Mis à jour le par Pierre Lemarchand
Egor, jeune Ukrainien de 16 ans, vient chaque jour au Centre éducatif pour la jeunesse de l’association moldave MilleniuM, afin de suivre sa scolarité en ligne. Il y est accueilli par sa compatriote Evgenia.
Egor, jeune Ukrainien de 16 ans, vient chaque jour au Centre éducatif pour la jeunesse de l’association moldave MilleniuM, afin de suivre sa scolarité en ligne. Il y est accueilli par sa compatriote Evgenia. ©JM Rayapen/SPF

Le Secours populaire et son partenaire moldave MilleniuM conduisent ensemble de nombreuses actions en faveur de la jeunesse. Durant l’été ou les fêtes de Noël sont ainsi conduites des activités éducatives, de loisirs et de sensibilisation à la solidarité. En janvier 2023 a ouvert le Centre éducatif pour la jeunesse, qui permet aux jeunes Ukrainiens réfugiés de poursuivre leur scolarité et se reconstruire après l’exil, tout en tissant des liens avec les jeunes Moldaves. Reportage publié ce 20 novembre, Journée internationale des droits de l'enfant.

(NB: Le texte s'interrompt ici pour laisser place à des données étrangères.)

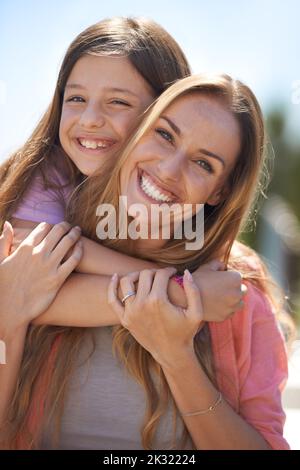 Frohe Festtage. Porträt einer liebevollen Mutter und Tochter, die im Freien zusammen stehen. Stockfoto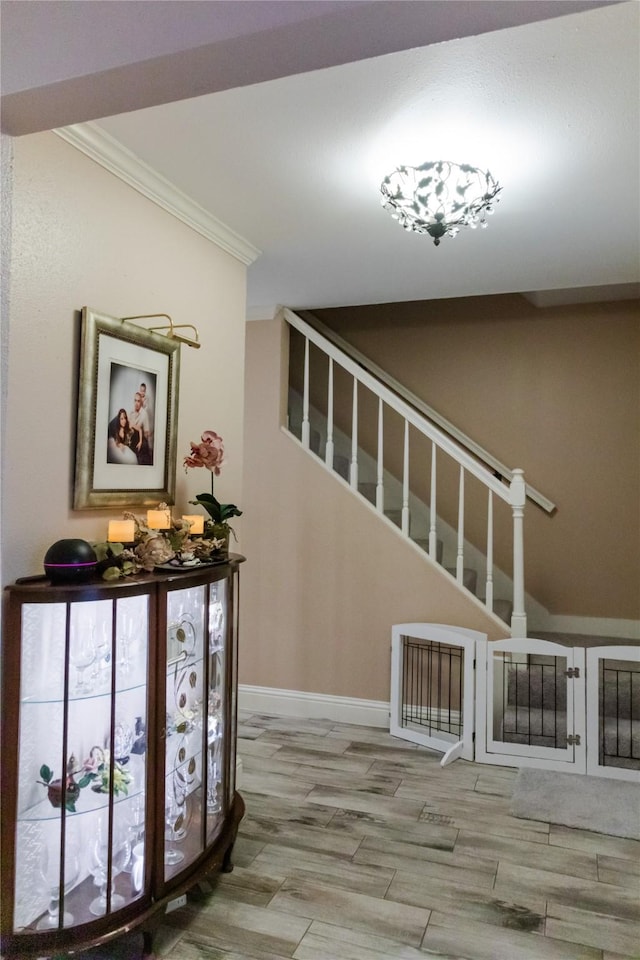 stairway featuring ornamental molding and wood-type flooring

« Soyez les bienvenus », lance Vitalie, le directeur de l’Institut de formation et de développement MilleniuM, partenaire du Secours populaire en Moldavie. « Vous êtes ici chez vous », poursuit-il, enjoignant chaque visiteur à se déchausser et enfiler une paire de chaussons frappés du logo de l’association qu’il fonda en 2000. Un foyer, un endroit sûr et chaleureux, une famille : ainsi l’équipe de MilleniuM a-t-elle imaginé le Centre éducatif pour la jeunesse, qu’ont déjà fréquenté un millier de jeunes Ukrainiens et Moldaves, âgés de 12 à 17 ans, depuis son ouverture en janvier 2023 avec l’aide du Secours populaire. « Son objectif principal est d’apporter un soutien aux jeunes Ukrainiens qui ont fui la guerre et trouvé refuge en Moldavie », éclaire Vitalie. Ceux-ci peuvent y suivre leurs cours en ligne, grâce à des postes de travail confortables et silencieux et une connexion haut débit. Seuls 10% des jeunes Ukrainiens étudient dans des établissements moldaves : continuer, à distance, de suivre les programmes ukrainiens est une manière de garder un lien avec le pays, d’atténuer les affres de l’exil.

« Je ne vis plus dans le passé comme les premiers temps de mon exil. Je vis dans le présent et le futur. »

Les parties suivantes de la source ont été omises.